The court ruled that the elevator was not defective, but that SMG failed to keep it from being loaded beyond its capacity.

SMG appealed, arguing the plaintiffs did not prove their case, and that the court should have found some comparative fault on the part of the plaintiffs and their fellow passengers.

The Fourth Circuit Louisiana Court of Appeals disagreed, affirming the trial court's ruling in an opinion written by Judge Madeleine Landrieu.

"In its reasons for judgment, the trial court noted that despite having notice of problems with overcrowding and prior instances of elevator malfunction due to overcrowding, SMG did not put an attendant or any plan in place to monitor or control the crowds entering elevators," she noted.

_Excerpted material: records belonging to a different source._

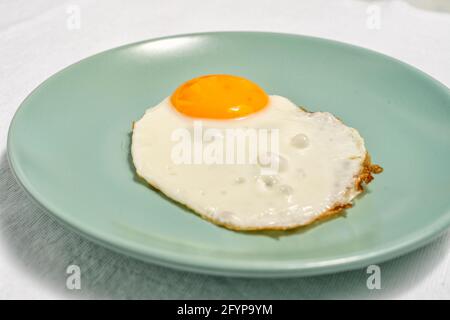 scrambled eggs on a blue plate close up. Stock Photo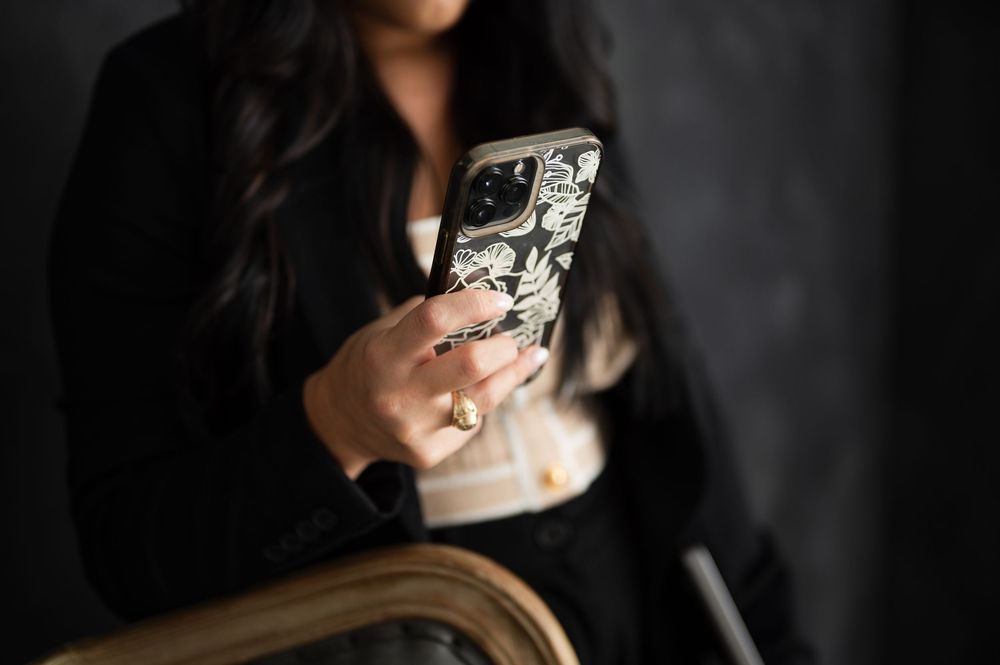 Someone using a phone with decorative case while sitting in vintage wooden chair against dark background.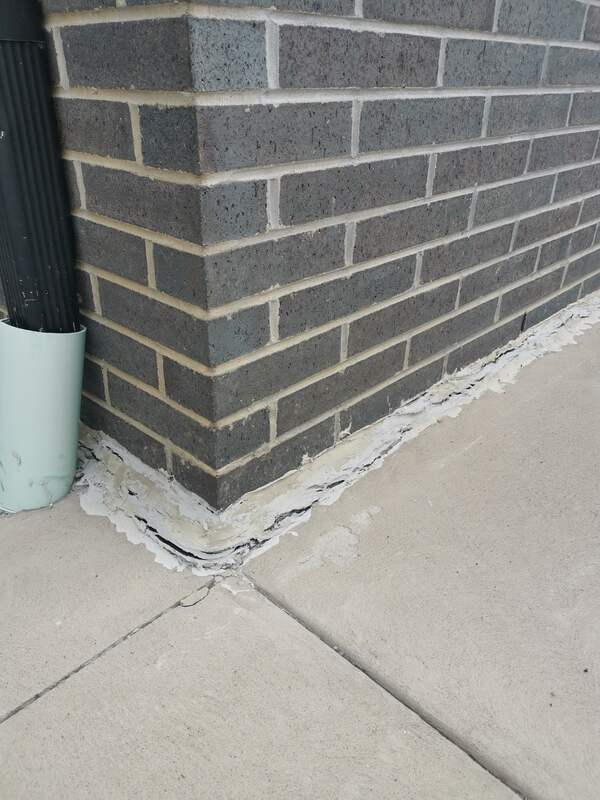 Close-up of a cracked and split horizontal expansion joint sealant line between a brick house foundation wall and a concrete sidewalk.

Landrieu cited the testimony of John Simon, who worked for SMG when 30 attendees of the 2005 Essence Festival got stuck in an elevator.

Another SMG employee testified that two months before the accident, another overloaded Superdome elevator got stuck between floors.

"SMG knew or should have known that elevators in the Superdome had previously malfunctioned due to being overcrowded," Landrieu wrote. "This risk, then, was foreseeable."

On the issue of comparative fault, the three passengers testified that they did not see a sign on the elevator regarding a weight limit or passenger limit.

"We find that to hold plaintiffs responsible for monitoring how many other occupants entered the elevator after they had already boarded would be both unreasonable and impractical," Landrieu wrote.

While the judge affirmed almost all the damages awarded to Kizzy Stamps, she nevertheless found some variance in the testimony of expert witnesses about how much Stamps worked between the time of the accident and the trial.

These differences resulted in an error in calculating Stamps' lost wages, which Landrieu sought to correct.In doing so she reduced the amount Stamps is entitled to from $113,160 to $80,460.